Inclusive o “El Dorado”, com a sua preciosa mesa de ouro maciço
de três mil arráteis.
Esses
seriam os primeiros desaparecimentos oficialmente registrados no
“Triângulo do Diabo”. E foi um dos poucos desastres marítimos
na área em que restaram testemunhas para narrar tudo o que
aconteceu. Mas, reitero, essa tragédia poderia ter sido evitada,
caso Francisco Bobadilla fosse só um pouco humilde, ou se, na
verdade tivesse um mínimo de bom senso, e desse ouvidos aos alertas
de Cristóvão Colombo.
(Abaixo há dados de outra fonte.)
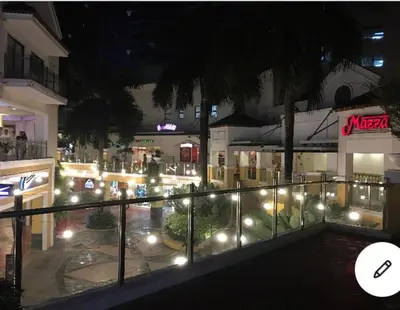 a view of a city at night with lights at Elegant 2BR, 2 BA Suite Beside Eastwood Mall in Manila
Ao contrário do desastre que dizimou aquela
frota espanhola, em quase um milhar de outros tantos naufrágios
ocorridos posteriormente, ninguém sobrou para contar a história e
relatar o que aconteceu. E como o que é inexplicável aguça a
imaginação, surgiram centenas de lendas envolvendo essa porção do
Atlântico, que volta e meia vêm à tona.